Acquise aux idées marxistes, membre des Jeunesses socialistes de Francfort, elle craint les persécutions, et se réfugie à Paris en 1933. À la Bibliothèque nationale de France, où elle poursuit sa thèse, elle commence son travail de portraitiste. En 1935, elle se lie d’amitié avec Adrienne Monnier, légendaire libraire de « La Maison des amis des livres » rue de l’Odéon et sa compagne, Sylvia Beach, qui tient en face, la librairie « Shakespeare & Company ». Elle fait la connaissance des écrivains français ou expatriés qui fréquentent la librairie d’Adrienne Monnier. Elle réalise, entre autres, une série de photographies de James Joyce dont l’un des portraits fait la couverture du Time américain lors de la publication de Finnegans Wake (1939). 

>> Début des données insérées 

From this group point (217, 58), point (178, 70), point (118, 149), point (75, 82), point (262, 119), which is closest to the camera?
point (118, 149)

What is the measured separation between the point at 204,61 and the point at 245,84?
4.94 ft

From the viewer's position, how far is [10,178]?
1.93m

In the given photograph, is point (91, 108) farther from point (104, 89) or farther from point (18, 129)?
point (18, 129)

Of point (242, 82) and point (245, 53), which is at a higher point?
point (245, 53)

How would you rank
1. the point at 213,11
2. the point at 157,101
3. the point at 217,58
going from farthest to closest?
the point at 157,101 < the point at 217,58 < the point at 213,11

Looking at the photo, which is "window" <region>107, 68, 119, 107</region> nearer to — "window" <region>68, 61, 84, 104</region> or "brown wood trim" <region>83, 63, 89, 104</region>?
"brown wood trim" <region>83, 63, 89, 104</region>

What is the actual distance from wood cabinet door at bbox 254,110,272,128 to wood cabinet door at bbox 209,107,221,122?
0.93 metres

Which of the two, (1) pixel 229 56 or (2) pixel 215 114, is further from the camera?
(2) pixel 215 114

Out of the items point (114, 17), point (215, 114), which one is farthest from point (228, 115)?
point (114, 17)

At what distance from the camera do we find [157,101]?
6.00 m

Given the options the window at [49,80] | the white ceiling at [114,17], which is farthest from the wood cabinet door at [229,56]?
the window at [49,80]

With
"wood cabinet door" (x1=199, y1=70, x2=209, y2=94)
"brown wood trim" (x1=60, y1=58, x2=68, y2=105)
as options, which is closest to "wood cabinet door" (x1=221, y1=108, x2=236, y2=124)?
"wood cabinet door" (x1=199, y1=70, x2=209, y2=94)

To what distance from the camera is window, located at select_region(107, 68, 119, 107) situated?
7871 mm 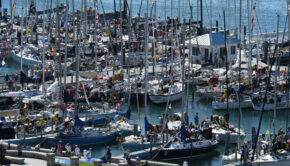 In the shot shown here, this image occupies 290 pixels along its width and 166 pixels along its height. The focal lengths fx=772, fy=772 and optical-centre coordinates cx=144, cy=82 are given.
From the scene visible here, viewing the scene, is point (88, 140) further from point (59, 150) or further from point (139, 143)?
point (59, 150)

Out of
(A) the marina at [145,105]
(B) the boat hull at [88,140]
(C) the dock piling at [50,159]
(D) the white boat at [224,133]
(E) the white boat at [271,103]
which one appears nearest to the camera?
(C) the dock piling at [50,159]

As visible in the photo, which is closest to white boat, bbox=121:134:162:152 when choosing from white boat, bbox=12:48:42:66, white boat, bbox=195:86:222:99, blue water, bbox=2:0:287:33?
white boat, bbox=195:86:222:99

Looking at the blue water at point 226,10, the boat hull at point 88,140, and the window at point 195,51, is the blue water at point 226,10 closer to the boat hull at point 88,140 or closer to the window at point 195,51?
the window at point 195,51

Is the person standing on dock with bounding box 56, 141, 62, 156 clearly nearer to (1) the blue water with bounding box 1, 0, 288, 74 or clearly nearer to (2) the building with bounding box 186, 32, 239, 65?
(2) the building with bounding box 186, 32, 239, 65

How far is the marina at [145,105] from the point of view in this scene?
198ft

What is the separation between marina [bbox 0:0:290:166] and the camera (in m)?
60.2

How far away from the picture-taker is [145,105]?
2559 inches

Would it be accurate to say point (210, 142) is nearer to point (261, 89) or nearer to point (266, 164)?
point (266, 164)

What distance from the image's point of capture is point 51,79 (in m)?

Dès 1938, elle est l’une des premières à réaliser des clichés en couleurs. Elle commence à collaborer avec LifeWeekly Illustrated et Paris Match. Elle travaille aussi pour l’agence Magnum et poursuit son activité de photojournaliste qui reflète ses idées politiques. Malgré sa naturalisation par mariage, elle doit fuir la France occupée. Elle s’installe à Buenos Aires puis voyage dans toute l’Amérique latine pour réaliser des reportages. Elle photographie les populations autochtones et les paysans mexicains. À la fin de la guerre, elle revient à Paris et, en 1947, elle signe un contrat avec le bureau parisien de Magnum. Elle publie pour leur compte un reportage sur Eva Perón, première dame d’Argentine, dans le Time Magazine du 14 juillet 1947 qui fait scandale.

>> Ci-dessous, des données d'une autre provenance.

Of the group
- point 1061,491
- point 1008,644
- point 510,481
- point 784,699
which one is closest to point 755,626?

En 1950, elle retourne en Amérique latine pour un travail sur la Patagonie et une nouvelle série consacrée à Eva Perón. Le musée de l’Homme l’envoie au Mexique photographier l’art précolombien. Elle part pour deux semaines… et y reste deux ans. Dans ce pays « où rien n’est médiocre ni insignifiant » tout la séduit. Elle y rencontre le couple mythique Frida Kahlo et Diego Rivera. Plongée dans le fantastique latino-américain et dans leur intimité, elle prend des centaines de photos d’eux. 

Les États-Unis en plein maccarthysme la déclarent indésirable. Ses nombreux voyages, elle les entreprend, écrit-elle, non pour innover, mais pour « rendre visible ce qui [lui] tenait le plus à cœur : l’être humain, ses joies et ses peines, ses espoirs et ses angoisses ». Entre les multiples récompenses qu’elle a reçues, on trouve le prix de Culture de l’Association allemande de photographie en 1978 et le Grand Prix des Arts du ministère de la Culture française en 1980. Elle décède à Paris, à l’âge de 91 ans, le 30 mars 2000.